One day, when historians look back on the debacle of the Bush Presidency, I imagine that they will remark on the penchant of administration officials for secrets and lies. I imagine that these historians will cull through reams of official documents in making their case. I imagine these documents will have been made available through long-established declassification protocols and as legislated by the Freedom of Information Act. I imagine that, in a democracy, the release of such material is uniformly viewed as both essential and desirable. I imagine wrong.
As reported yesterday by Scott Shane in the New York Times, and picked up by the International Herald Tribune among others, the U.S. government has a secret program to reclassify previously declassified documents. This nefarious sleight of hand has apparently been going on for years:
In a seven-year-old secret program at the National Archives, intelligence agencies have removed from public access thousands of historical documents that had been available for years, including some already published by the State Department and others photocopied years ago by private historians.

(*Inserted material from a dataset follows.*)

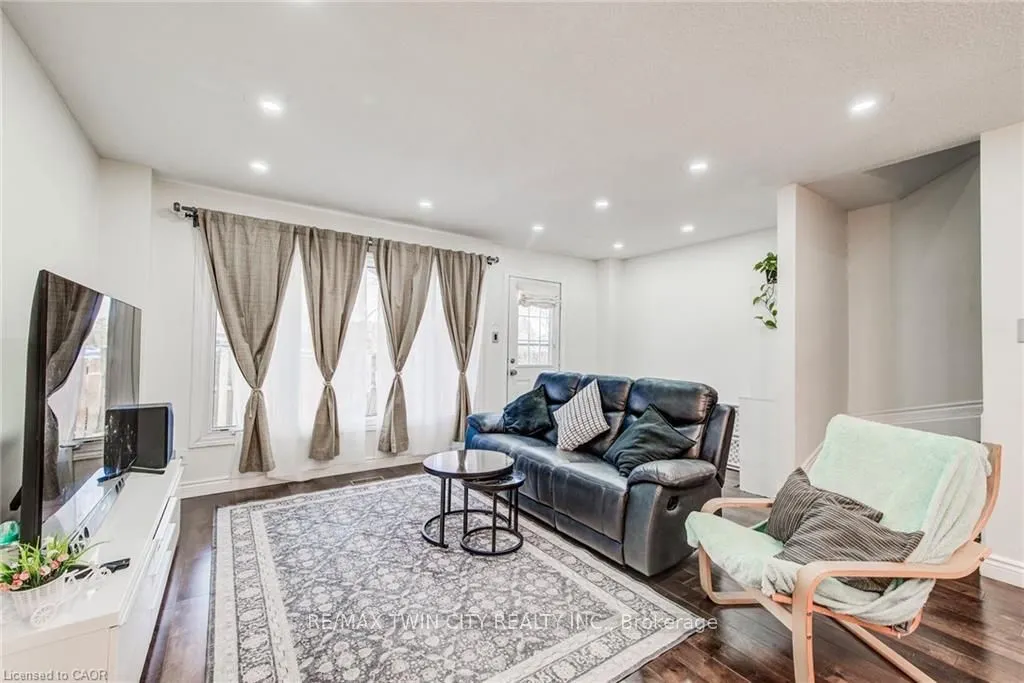15 GREEN VALLEY Drive #27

The restoration of classified status to more than 55,000 previously declassifed pages began in 1999, when the CIA and five other agencies objected to what they saw as a hasty release of sensitive information after a 1995 declassification order signed by President Bill Clinton. It accelerated after the Bush administration took office, especially after the 2001 terrorist attacks, according to archives records.
But because the reclassification program is itself shrouded in secrecy—governed by a still-classified memorandum that prohibits the National Archives even from saying which agencies are involved—it continued virtually without outside notice until December. That was when an intelligence historian, Matthew Aid, noticed that dozens of documents he had copied years ago had been withdrawn from the archives’ open shelves. more…
I suspect, had Mr. Aid not had the presence of mind to notice this discrepancy and then to report it, we would likely be none the wiser. Just as, had news of the NSA’s warrantless surveillance of American citizens not leaked out, we would be unaware of that program. It is frightening to bear witness to this steady erosion of our liberties and to the arrogant mindset that spawns such. One can only wonder what else is going on behind closed doors in the so-called interest of national security. Now, will we ever know?